In classical gravity, the problem reappears as singularity theorems. The quantum analogue of this would be that it may be impossible to define (in a givenn coordinate system defining an observer frame) a self-adjoint Hamiltonian - since this implies existence at all times.
 
  • #46
Demystifier said:
Another point is that a similar problem does not appear in classical gravity, when commutators are replaced by Poisson brackets.

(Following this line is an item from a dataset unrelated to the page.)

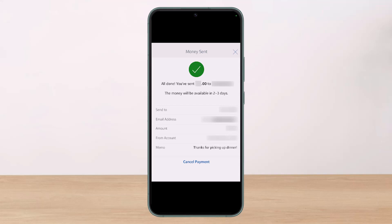First, open up your bank's app or go to its website and log in. Then go to the Activity tab. If the person hasn't enrolled with Zelle yet, you'll see a 'Stop the Payment' button — tap it and your payment is canceled.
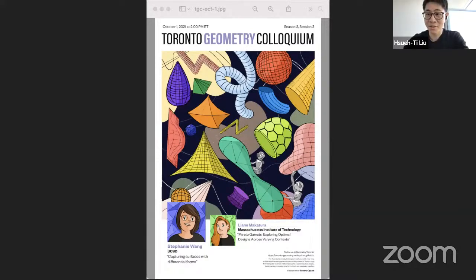Welcome everyone. This is the Toronto Geometry Colloquium, a weekly web series. This colloquium aims at promoting young researchers and researchers from traditionally underrepresented backgrounds. Every week we will have an opener talking about cutting-edge research for 10 minutes, followed by a headliner giving a keynote presentation.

The situation is completely analogous in classical GR. You can introduce matter reference frames already on the classical side, see for example http://arxiv.org/abs/gr-qc/9409001 . The classical canonical Hamiltonian also vanishes on the constraint surface. In a time parametrization invariant system, the canonical Hamiltonian is also not expected to generate physical time evolution. You can also reformulate ordinary QM as a constraint system and then find the physical Hilbert space and recover the physical Hamiltonian. In that case, the canonical Hamiltonian doesn't generate physical time evolution either. (The book by Kiefer that I quoted earlier discusses this for example.)
 
  • #47
A. Neumaier said:
In classical gravity, the problem reappears as singularity theorems. The quantum analogue of this would be that it may be impossible to define (in a givenn coordinate system defining an observer frame) a self-adjoint Hamiltonian - since this implies existence at all times.
I don't think that these problems are related. You can have various time-reparametrization invariant theories with vanishing Hamiltonian, the solutions of which do not lead to singularities.
 
  • #48
Demystifier said:
I don't think that these problems are related. You can have various time-reparametrization invariant theories with vanishing Hamiltonian, the solutions of which do not lead to singularities.
But yours is a different Hamilonian - the canonical one, which vanishes on physical states hence generates no evolution at all. The time generating Hamiltonian is necessarily frame dependent since the notion of time is.
 
  • #50
Demystifier said:
If I had any doubts when I wrote the post above, now I don't. The argument in
http://lanl.arxiv.org/abs/1605.04143
convinced me that, at the fundamental level, the Casimir force is not created by vacuum energy.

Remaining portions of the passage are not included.